## Problem
Among the entries below, only the lines from the one with "Stanton 2pk Rush" through the one with "( F/VS1 ) 5" are wanted, reproduced exactly. Pictures are not wanted.

───── Data extract ─────

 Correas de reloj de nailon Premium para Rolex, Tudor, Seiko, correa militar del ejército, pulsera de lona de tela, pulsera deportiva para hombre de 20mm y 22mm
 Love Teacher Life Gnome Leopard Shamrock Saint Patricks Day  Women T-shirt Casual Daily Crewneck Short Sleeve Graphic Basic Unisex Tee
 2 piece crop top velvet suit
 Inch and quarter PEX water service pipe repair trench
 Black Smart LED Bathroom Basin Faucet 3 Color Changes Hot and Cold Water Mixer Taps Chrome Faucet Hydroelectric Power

─────
───── Data extract ─────

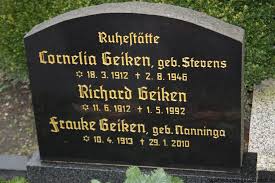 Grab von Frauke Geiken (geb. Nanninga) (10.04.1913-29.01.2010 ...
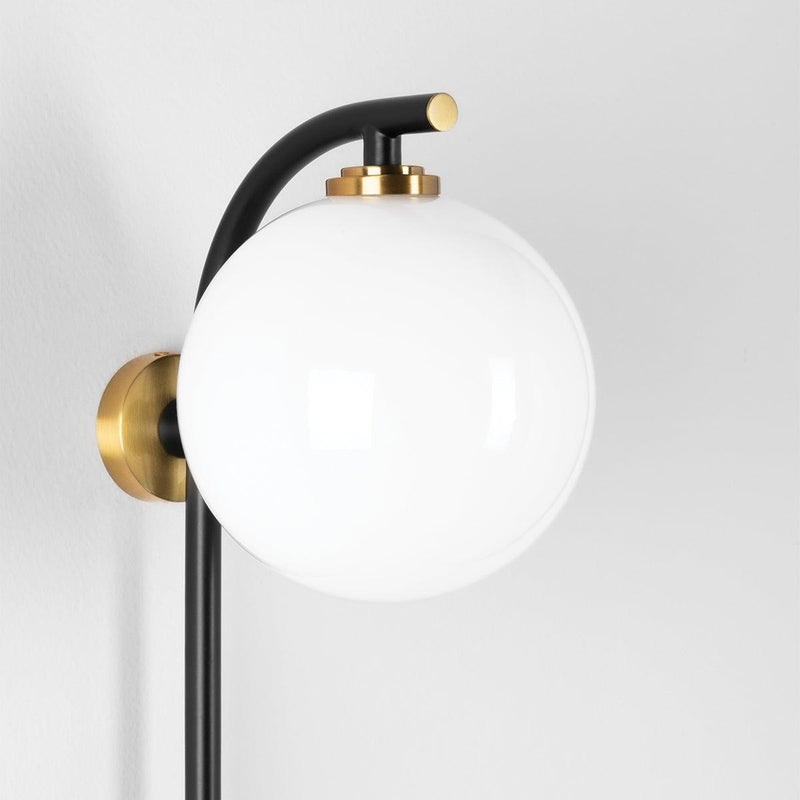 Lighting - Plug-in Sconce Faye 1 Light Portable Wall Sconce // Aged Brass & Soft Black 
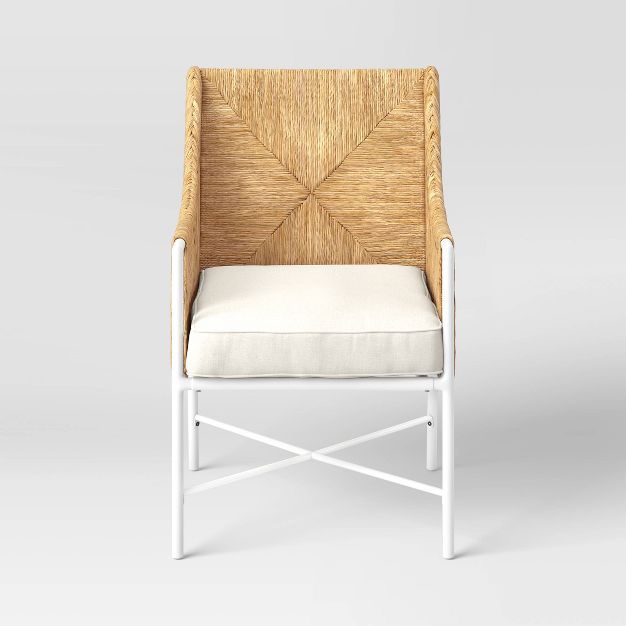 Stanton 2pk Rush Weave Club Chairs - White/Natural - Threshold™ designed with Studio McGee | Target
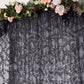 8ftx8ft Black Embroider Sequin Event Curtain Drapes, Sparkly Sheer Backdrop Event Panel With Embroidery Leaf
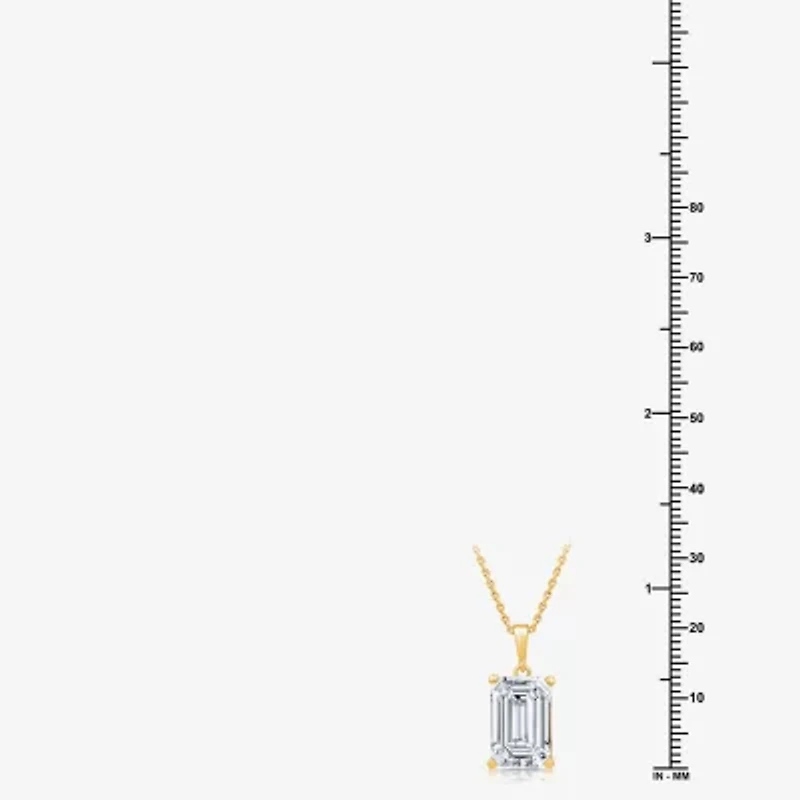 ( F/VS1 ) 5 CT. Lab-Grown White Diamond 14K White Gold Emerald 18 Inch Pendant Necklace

─────
───── Data extract ─────

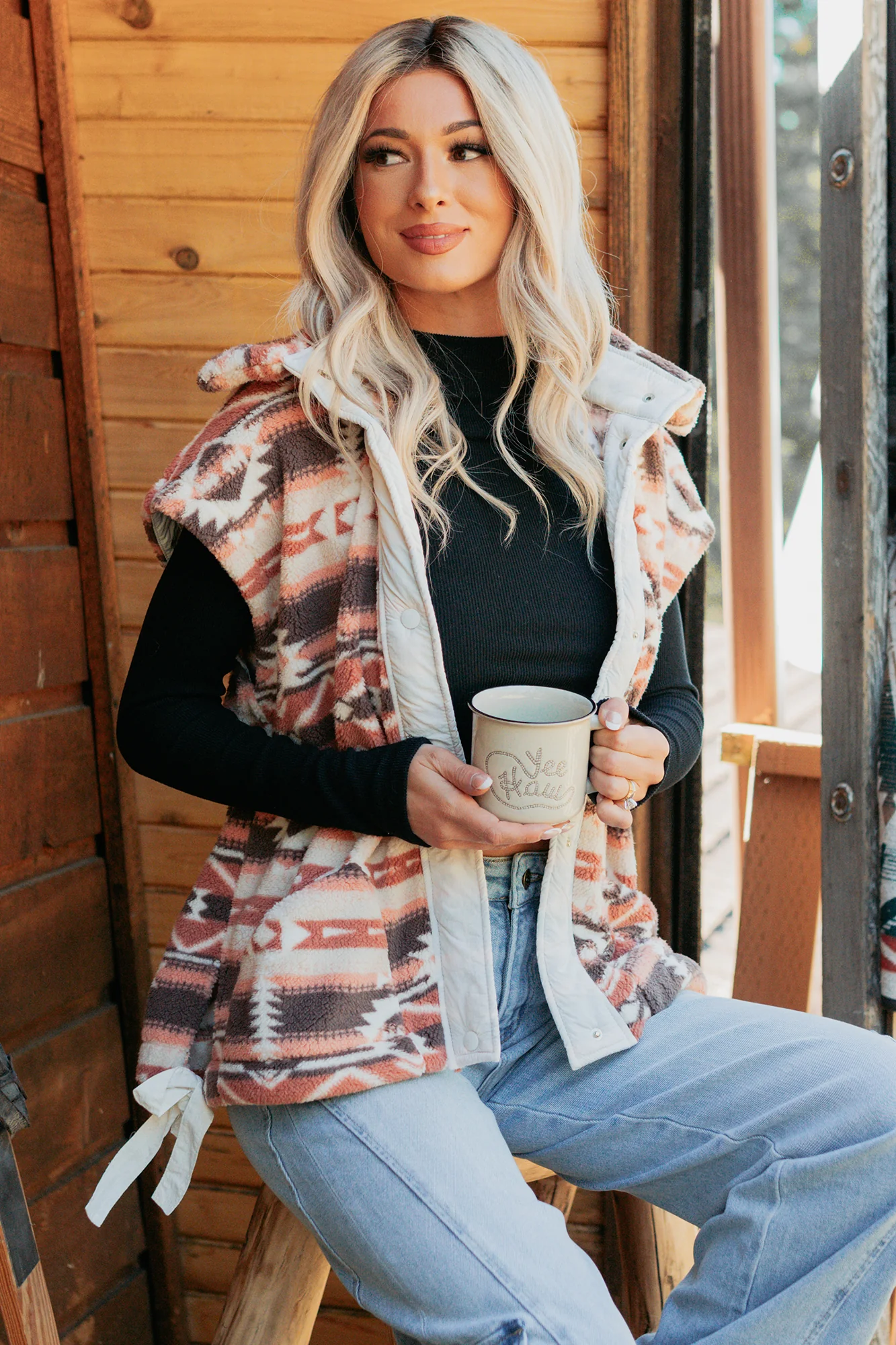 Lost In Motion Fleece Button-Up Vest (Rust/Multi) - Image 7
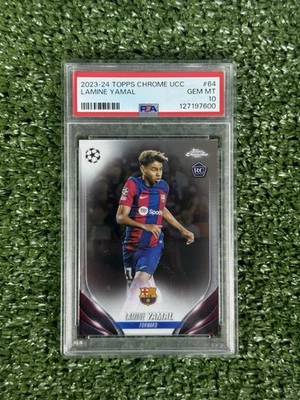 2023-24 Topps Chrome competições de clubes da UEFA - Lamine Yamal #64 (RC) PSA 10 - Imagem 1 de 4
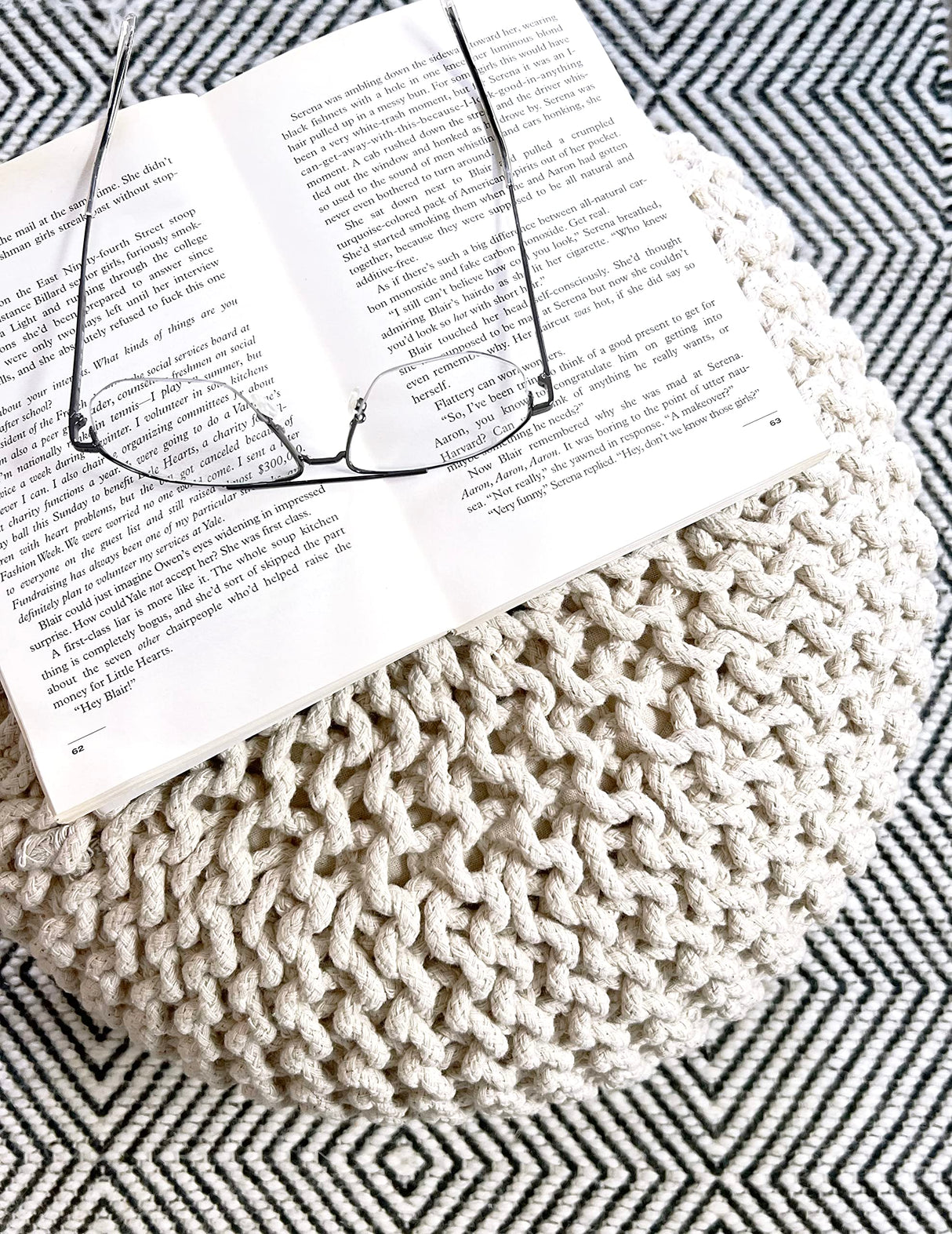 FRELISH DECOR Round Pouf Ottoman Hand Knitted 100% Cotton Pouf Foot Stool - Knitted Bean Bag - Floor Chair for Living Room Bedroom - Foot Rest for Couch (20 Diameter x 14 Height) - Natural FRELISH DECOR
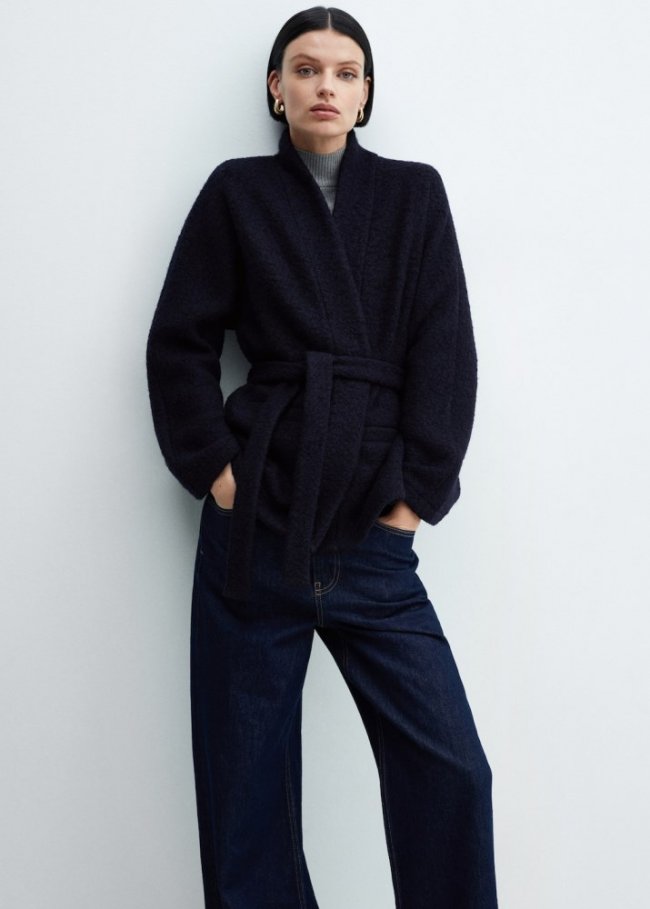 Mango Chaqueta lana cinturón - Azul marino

─────

## Reply
 Stanton 2pk Rush Weave Club Chairs - White/Natural - Threshold™ designed with Studio McGee | Target
 8ftx8ft Black Embroider Sequin Event Curtain Drapes, Sparkly Sheer Backdrop Event Panel With Embroidery Leaf
 ( F/VS1 ) 5 CT. Lab-Grown White Diamond 14K White Gold Emerald 18 Inch Pendant Necklace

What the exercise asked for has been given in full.